*** DATASET CONTENT Section Begins ***

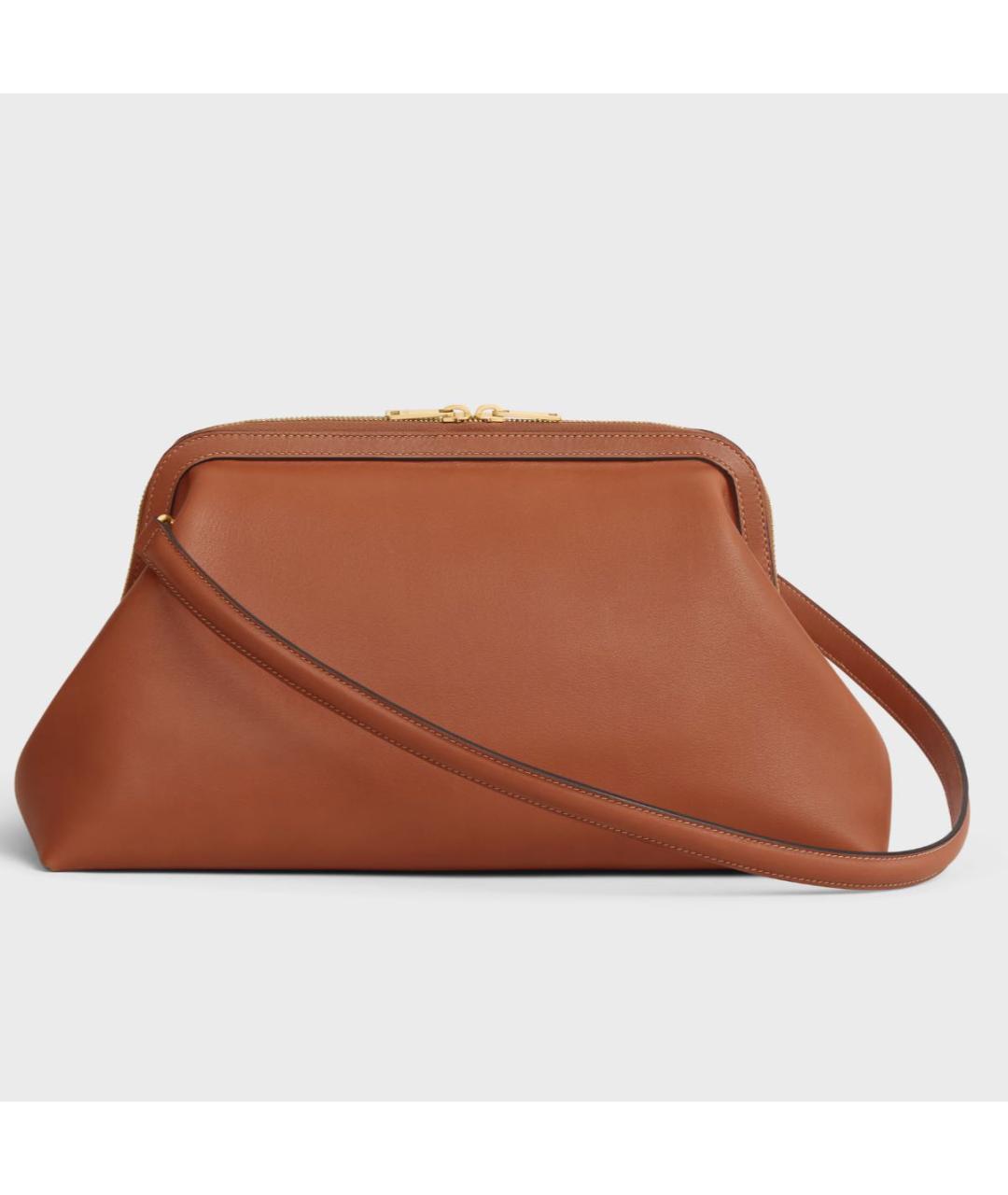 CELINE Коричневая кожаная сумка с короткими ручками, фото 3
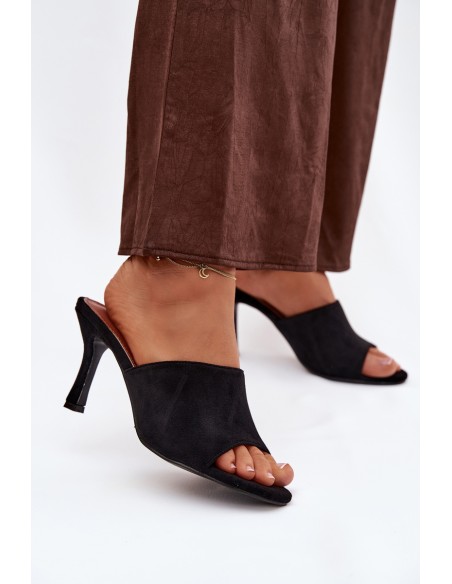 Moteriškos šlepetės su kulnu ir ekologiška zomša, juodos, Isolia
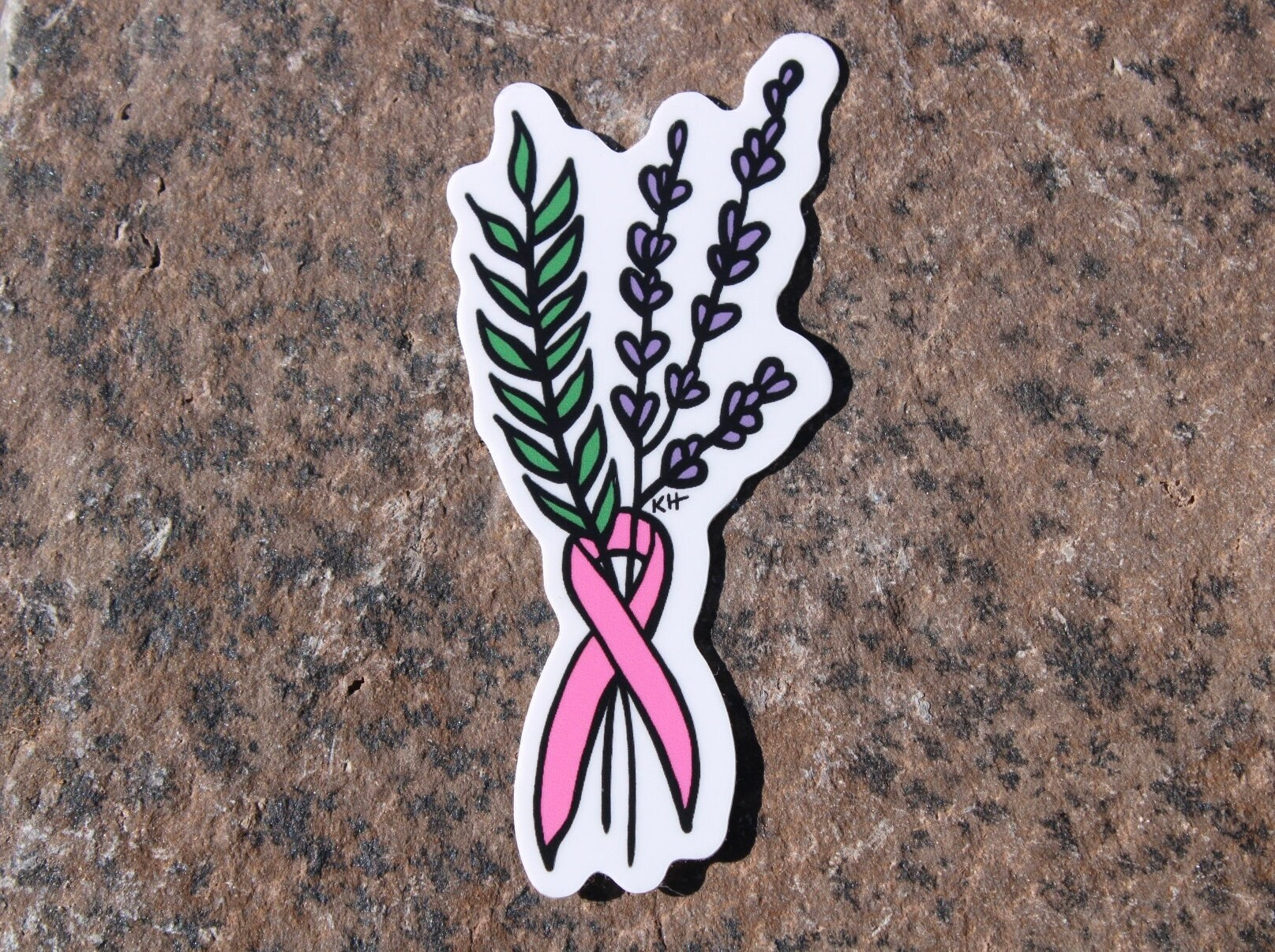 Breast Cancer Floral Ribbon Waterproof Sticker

*** DATASET CONTENT Section Ends ***

- **TASK REQUIREMENTS**
Pick up at the line containing "Moteriškos šlepetės su" and copy each line exactly until the data ends, including that last line; copy no pictures.

- **ANSWER AREA**
 Moteriškos šlepetės su kulnu ir ekologiška zomša, juodos, Isolia
 Breast Cancer Floral Ribbon Waterproof Sticker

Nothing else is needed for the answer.